Tra le montagne ed i moschetti, La Fille du régiment è opera particolarmente fortunata sulla scena. Perché se in tutto il mondo circola, ormai da una decina d'anni, uno strepitoso spettacolo firmato dal regista francese Laurent Pelly – chi scrive lo ha inseguito da Londra, dove è stato creato, a Parigi, dove è stato accolto da un meritato trionfo – esiste una sola produzione capace di fare la concorrenza: quella presentata dal Teatro Massimo di Palermo, ininterrottamente dal 1959, per un totale di sei edizioni. Un autentico gioiello di famiglia, insomma, che ha varcato le soglie di molti altri teatri, dal Bellini di Catania, dove è stato utilizzato in occasione dell'ultima ripresa dell'opera, nell'ormai lontano 1980, alla Scala di Milano, che lo ha ufficialmente adottato nel 1996, immortalandolo in video.

Alle scene e ai costumi originari, firmati da Franco Zeffirelli, è stata associata, sin dal 1964, la regia di Filippo Crivelli, che tuttora firma lo spettacolo come le superficiali note illustrative del programma di sala.

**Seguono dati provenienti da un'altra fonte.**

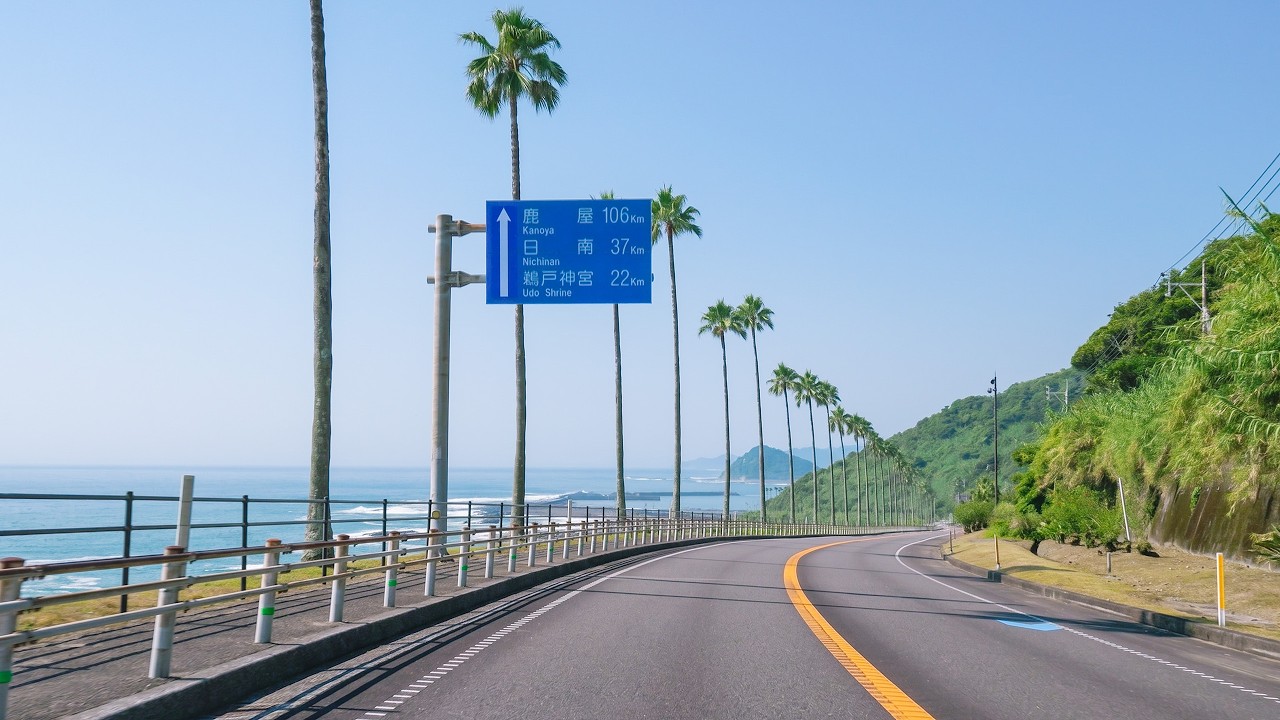 Driving Along Japan's Tropical Coast | Nichinan Phoenix Road Scenic Drive 4K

Rincresce infatti dover leggere che per suo merito sono state riprese le scene dipinte di alcuni spettacoli di Alessandro Sanquirico, a partire dalle «stampe a colori reperite al Museo del Teatro alla Scala» – com'è noto si tratta invece di litografie acquerellate, raccolte in volumi antologici disponibili in varie biblioteche del mondo; spiace ancora apprendere che i dialoghi parlati siano improntati alla «recitazione retorica e stentorea à la manière de la Comédie-Française.» Certo viene da chiedersi da quanti anni Crivelli manchi dal Français, da secoli modello insuperabile nella recitazione della prosa in francese; e il risultato appare tangibile non solo nella scarsa cura con cui vengono declinati i dialoghi parlati, ma soprattutto nel personaggio della Duchesse de Crakentorp, qui interpretato en travesti dall'eclettico Filippo Luna nel segno di una grottesca contaminazione franco-partenopea francamente imbarazzante.

Rimane il pregio di uno spettacolo di fluidità, nitore e poesia incontestabili: per merito dei vividi costumi, nelle tinte dei colori primari, e soprattutto di scenografie dipinte nello stile delle immagini di Épinal, figurine popolari dai colori vivaci diffuse in tutto il territorio francese, per iniziativa dell'incisore Jean-Charles Pellerin, a partire dai primi anni dell'Ottocento. L'intento ironico, quando non garbatamente satirico, viene enunciato sin dall'Ouverture, in cui le immagini delle campagne napoleoniche sfilano all'interno di un arco scenico che ricorda quello del Pollock's Toy Theatre, il teatrino di marionette che sorgeva nel mercato di Covent Garden a Londra. La finzione scenica viene celebrata dalla bidimensionalità di scene e attrezzeria, quinte e praticabili tutti abilmente tratteggiati: dai cannoni ai vasi di fiori, dalle bandiere che garriscono al vento al salotto capitonné del castello di Berkenfield. L'opera donizettiana – ma forse l'intera stagione del melodramma italiano – brilla così in una visione malinconica e affettuosa, nel dorato tepore di un meriggio d'autunno: e rivive per sempre con gli acquarelli un po' scialbi, le stampe, i cofani, gli albi dipinti d'anemoni arcaici, le tele di Massimo d'Azeglio, le miniature, i dagherrotipi… Rinasco, rinasco del mille ottocento cinquanta!